Title: It's Your Bones That Shatter
Fandom: Grey's Anatomy
Characters: Alex (/April and Amber and Aaron. Seriously!)
Word Count: 3300
Rating: PG-13
Prompt: Snowed in for
richyl88 at
writing4acauseSummary: An unintentional home-coming of sorts as an organ harvest sees them fly in to Iowa... This is set approximately 15 months post season six finale.
Disclaimer: At my user info. page.
Author's Note: Huge thank yous to my betas,
kaitybear and
leobrat. Any remaining mistakes are totally theirs...!! Title and cut text from Jump Into The Fog, The Wombats.

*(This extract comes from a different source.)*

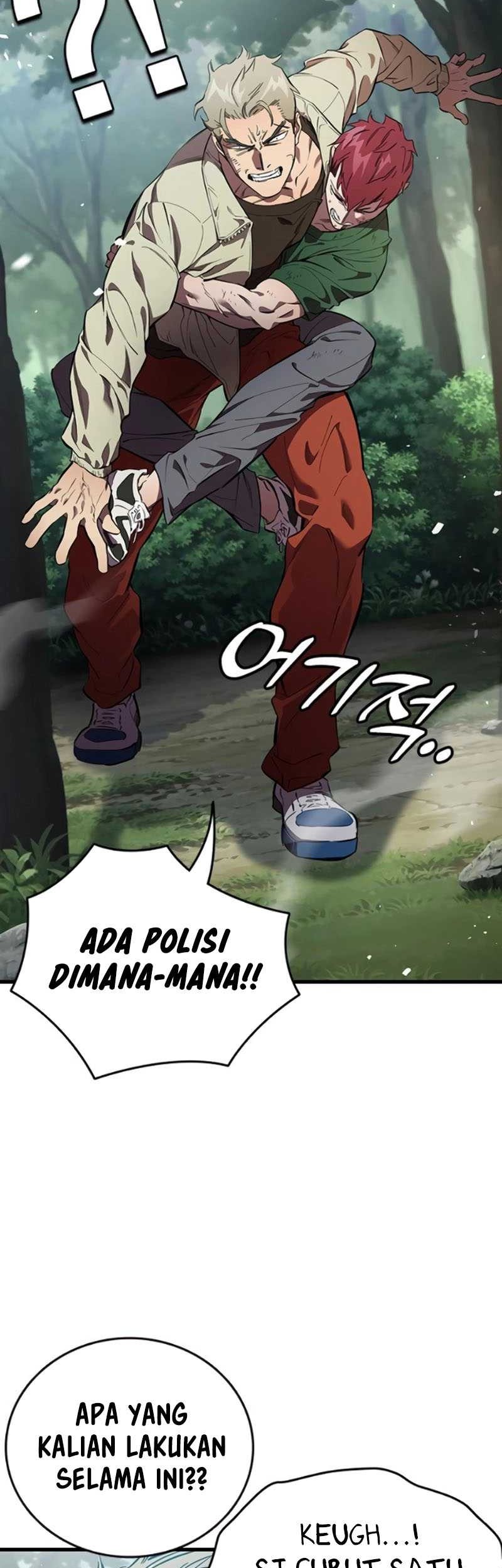 The Great War Chapter 23 Gambar 40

His leg keeps up a staccato bounce that almost sends April's orange juice into the aisle twice. She sighs and shifts in her seat, drains what remains of her drink pointedly but doesn't say a word.
He's grateful because he can only imagine the questions that have spent the best part of the last three hours building and transforming and escalating on her tongue. Knows without doubt that he has answers to approximately none of them.

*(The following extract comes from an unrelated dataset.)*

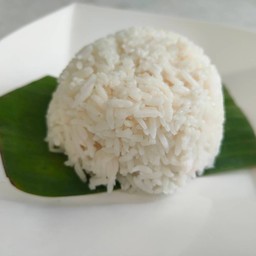 ข้าวสวย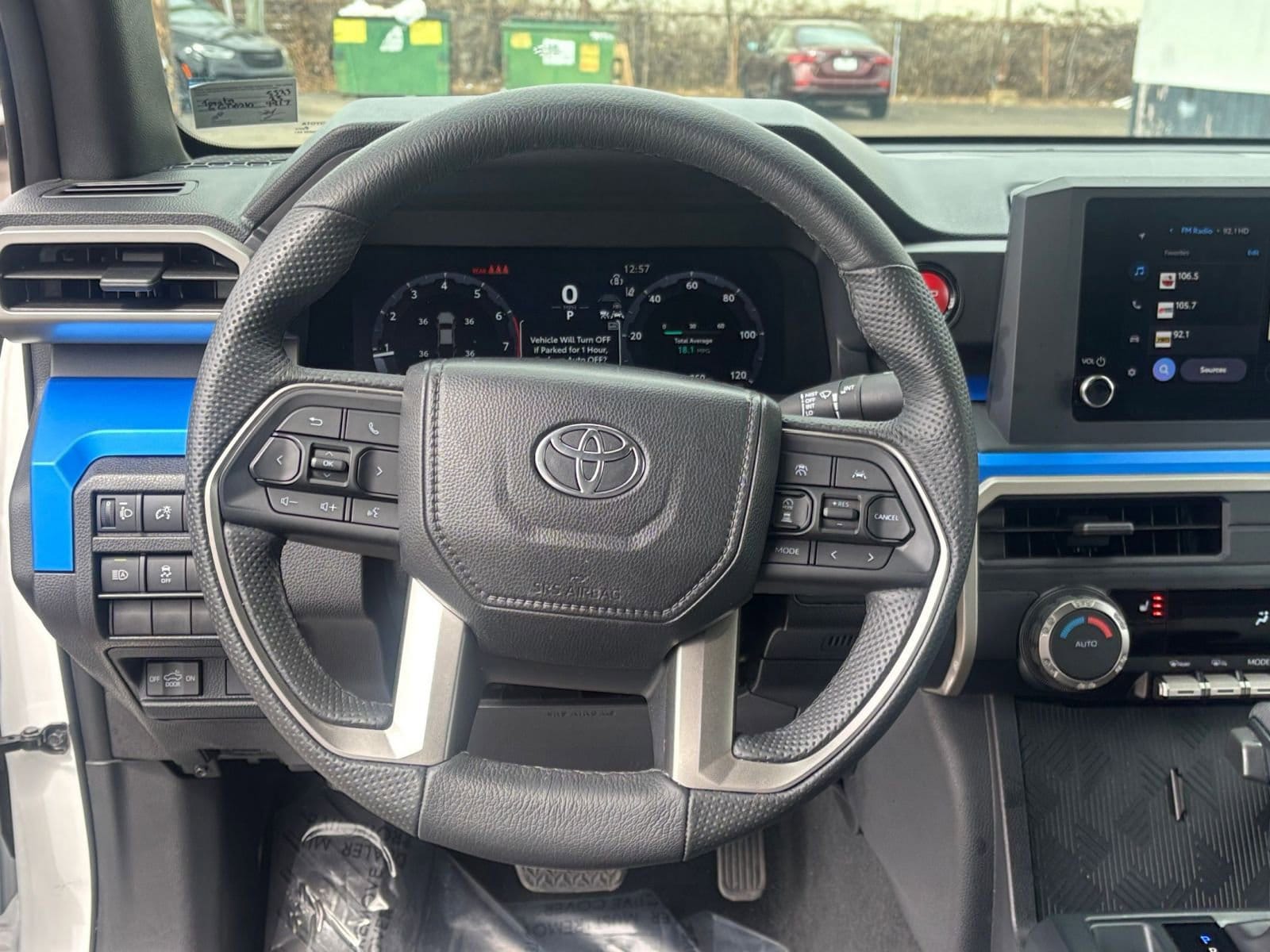 Thumbnail: 2025 Toyota Tacoma - 28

At least, none that he's willing to share.
Static verbalisations slice the air between them as the pilot crackles to life on the radio. Announces to all and sundry that they've been placed in a holding pattern for the next however many minutes while the runway is cleared of traffic.

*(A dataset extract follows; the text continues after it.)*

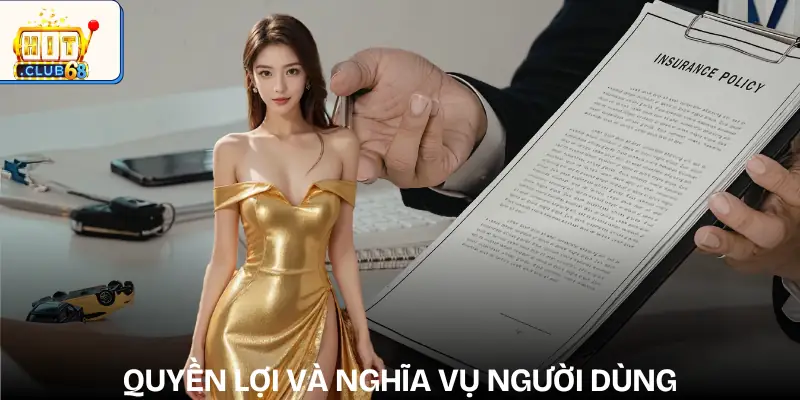 chinh sach bao mat quyen loi va nghia vu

That they're high priority and that it won't be long.
He leans his forehead against the plexiglass window. Watches his breath fog the surface a little more resolutely with each deliberate exhale. Laments the fact that what will inevitably come next can't be hidden by a similar smoke screen.
*
They're disembarking half an hour later than planned and as the door of the small aircraft is swung heavily into the arctic breeze that swirls across the runway, he's more than a little surprised they're not later still. Snow flurries dance around his boot laces as he drops his eyes to his toes, descends the metal staircase with caution, landing solidly on the tarmac before turning back and automattically holding out a hand to April.
Tries not to interpret the soft smile she offers back as anything more than desperate gratitude as her newly gloved fingers slide neatly between his.
“Let's get this over and done with and get the hell out of here.”
His voice grumbles, low and gravelly around and over the syllables and she opens her mouth, inhales sharply, prepares the barrage that she's, until now, managed to keep in check.
He makes a show of zipping up his coat. Ducks is chin to his chest and pretends he doesn't hear her first question.
“So, did you grow up far from here?”
*
The road stretches out in front of him. An endless strip of black and grey and dotted yellow that numbs his senses until his eyelids are sandpaper rough and he slides his car into the loose gravel shoulder, sets the alarm on his phone for twenty minutes time.
Doesn't actually sleep for a single second of it but still manages to slam his head against the side window when it bursts to ear-splitting life.
There's a discarded bag of take-out on the passenger seat and he picks idly at fries that have spilled across the paperwork spread out beneath them. Receipts for gas. A photocopied journal article that is now missing a page, or maybe even several. A newspaper from some time last month.
He rolls the window down and shoves his face out into the early evening air. Inhales until his lungs seize and black spots dance in his peripheral vision.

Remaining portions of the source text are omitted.